En 2012, battu par François Hollande, il a quitté l’estrade politique – il n’a plus brigué de mandat électif – mais pas complètement la vie publique, étant membre de droit, à vie, du Conseil constitutionnel, même s’il a démissionné de cette sage assemblée lorsque, en 2013, elle a confirmé le rejet de ses comptes de campagne de 2012. Il avait avant cela siégé et touché des indemnités à plusieurs reprises.

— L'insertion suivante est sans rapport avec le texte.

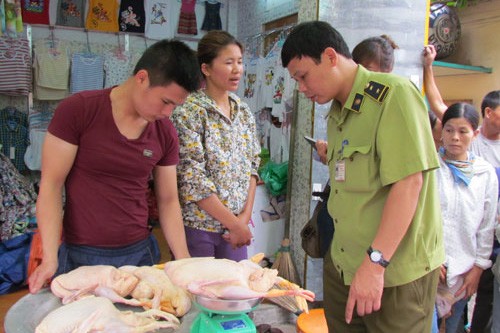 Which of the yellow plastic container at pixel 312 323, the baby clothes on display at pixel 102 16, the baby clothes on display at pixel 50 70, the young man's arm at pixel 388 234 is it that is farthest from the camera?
the baby clothes on display at pixel 102 16

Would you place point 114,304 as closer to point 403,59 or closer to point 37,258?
point 37,258

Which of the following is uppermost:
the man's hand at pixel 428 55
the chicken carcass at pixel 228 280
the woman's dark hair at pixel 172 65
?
the man's hand at pixel 428 55

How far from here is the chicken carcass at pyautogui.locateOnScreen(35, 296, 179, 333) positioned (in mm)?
1087

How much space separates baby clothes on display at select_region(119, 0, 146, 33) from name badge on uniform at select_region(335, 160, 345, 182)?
4765mm

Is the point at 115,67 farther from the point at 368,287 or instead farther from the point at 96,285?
the point at 368,287

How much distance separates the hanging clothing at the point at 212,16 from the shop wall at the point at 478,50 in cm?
304

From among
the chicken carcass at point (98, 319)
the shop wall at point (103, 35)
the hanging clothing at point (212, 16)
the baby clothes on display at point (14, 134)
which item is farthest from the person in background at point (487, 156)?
the baby clothes on display at point (14, 134)

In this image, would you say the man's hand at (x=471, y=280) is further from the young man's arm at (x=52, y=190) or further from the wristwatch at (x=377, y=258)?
the young man's arm at (x=52, y=190)

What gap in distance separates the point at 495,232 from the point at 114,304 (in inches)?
77.0

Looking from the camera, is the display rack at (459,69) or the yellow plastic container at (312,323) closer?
the yellow plastic container at (312,323)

Une dotation à vie dès la fin de la présidence de la République
Mais combien Nicolas Sarkozy perçoit-il pour sa retraite ? Chacun des mandats pour lesquels il a été élu pendant ses trente-cinq ans de vie publique, et pendant lesquels il a cotisé, lui a donné droit à pension, et l’ensemble vient s’additionner à la dotation qu’il reçoit en tant qu’ancien président de la République. Selon des documents consultés par Libération, l’ancien président a touché 678 396,54 euros entre mai 2013 et avril 2019. Soit, pendant ces six années, quelque 113 000 euros par an. Seul le trop bref mandat de député européen, entre le 20 juillet et le 14 septembre 1999, ne lui donne pas droit à une retraite du Parlement européen : il faut avoir été élu à Strasbourg au moins un an complet pour pouvoir en bénéficier. En tant qu’ancien ministre, il ne perçoit pas de retraite à vie.

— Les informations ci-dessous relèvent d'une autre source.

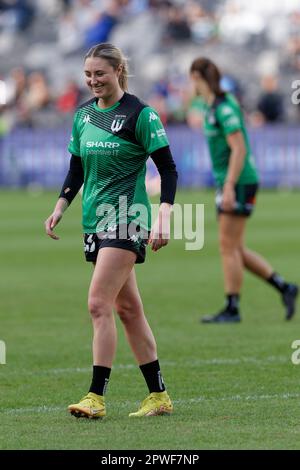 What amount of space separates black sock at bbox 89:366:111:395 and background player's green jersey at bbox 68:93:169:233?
829 millimetres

C’est dans le dossier d’une affaire judiciaire instruite à Paris, celle du financement éventuellement venu de Libye de la campagne présidentielle de Sarkozy en 2007, que figure ce montant. En 2019, les magistrats ont demandé que soient épluchées les ressources de l’ancien chef de l’Etat. C’est ainsi qu’ont été comptabilisés les versements réguliers de ses pensions, autant par la direction régionale des finances publiques d’Ile-de-France, par l’Assemblée nationale (qui verse les pensions à ses anciens membres grâce à la caisse instituée en son sein, sous l’autorité des questeurs) et par le conseil départemental des Hauts-de-Seine. Sarkozy est toujours resté discret sur ses ressources, refusant même de dévoiler leur montant à la barre lorsqu’il était interrogé au cours des trois procès pour lesquels il a comparu jusqu’à présent.
La porte-parole de l’ex-chef d’Etat, Véronique Waché, signale à Libération que la loi du 3 avril 1955 «attribue aux anciens présidents de la République une dotation annuelle à vie versée dès la fin du mandat, sans condition d’âge» – ce qui correspond à une retraite de président avant l’heure, d’un montant sensiblement équivalent à celui d’un conseiller d’Etat «ordinaire», quelque 6 200 euros brut mensuels. Elle précise : «Les anciens présidents perçoivent, une fois arrivés à l’âge légal de la retraite, les pensions liées aux autres activités exercées pendant leur carrière comme tout citoyen français.» Quant à la carrière d’avocat de l’ex-chef de l’Etat, impossible de savoir s’il a liquidé sa pension.
Double cotisation
Alors que l’actualité est braquée sur la énième réforme très controversée des retraites, le cas de l’ancien chef de l’Etat est sûrement caricatural : le seul autre ancien président de la République encore en vie, François Hollande, a été élu pendant trente-quatre ans. N’empêche que le cas Sarkozy – qui est l’instigateur de la loi de 2010 qui repousse de 60 à 62 ans l’âge minimum de liquidation des pensions – est révélateur des incongruités du système.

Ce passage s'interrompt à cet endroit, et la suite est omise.